### What you should do:
Everything from the line containing "Bottega Veneta Metallic" through the line containing "Pre-owned Jewelwesell Real" in the listing below should be copied exactly, and nothing more.

### Records shown:
++++++++++

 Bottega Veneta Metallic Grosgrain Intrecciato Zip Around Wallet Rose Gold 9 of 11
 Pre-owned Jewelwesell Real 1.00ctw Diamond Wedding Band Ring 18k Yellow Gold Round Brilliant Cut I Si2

++++++++++

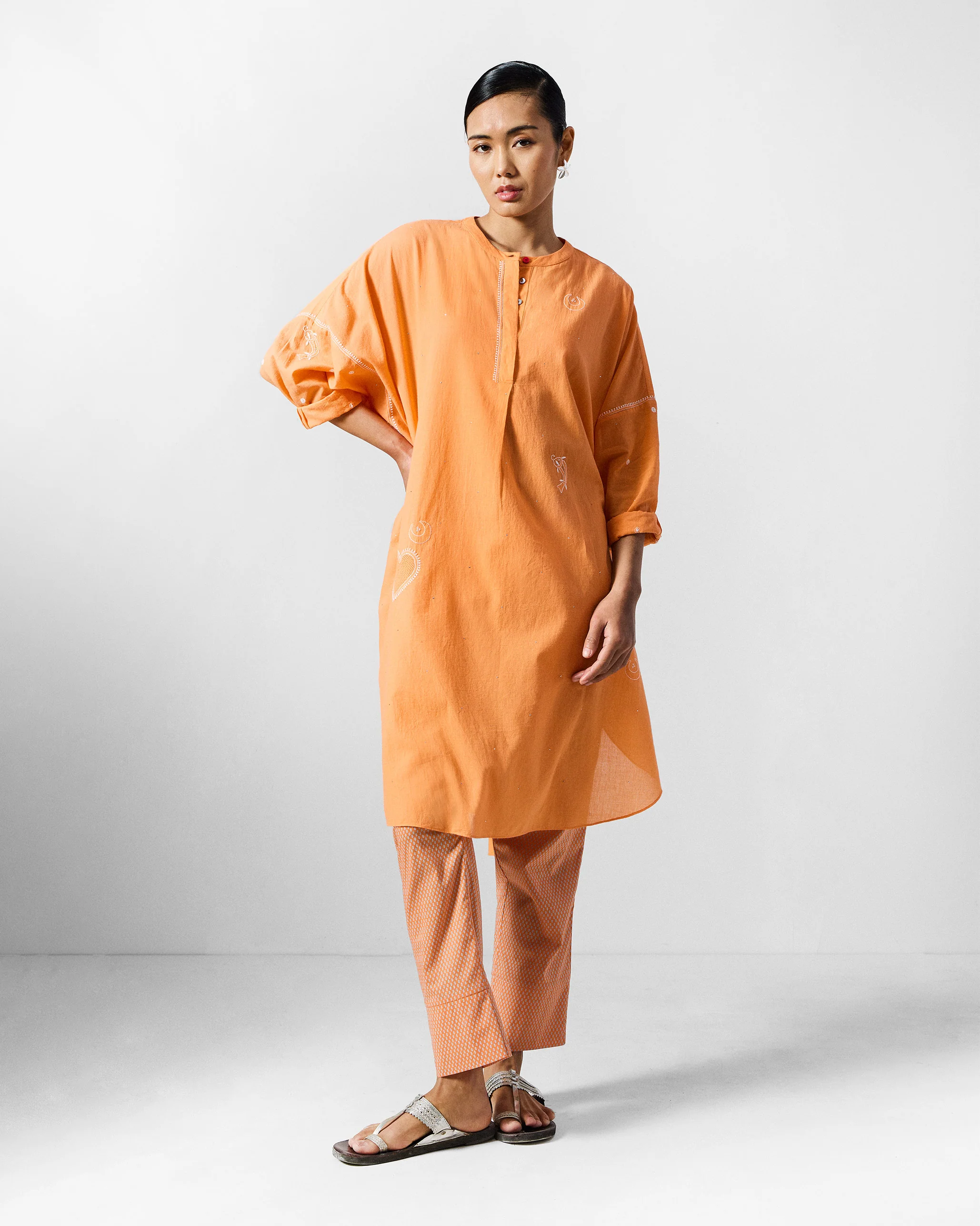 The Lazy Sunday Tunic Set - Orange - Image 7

++++++++++

### Reply:
 Bottega Veneta Metallic Grosgrain Intrecciato Zip Around Wallet Rose Gold 9 of 11
 Pre-owned Jewelwesell Real 1.00ctw Diamond Wedding Band Ring 18k Yellow Gold Round Brilliant Cut I Si2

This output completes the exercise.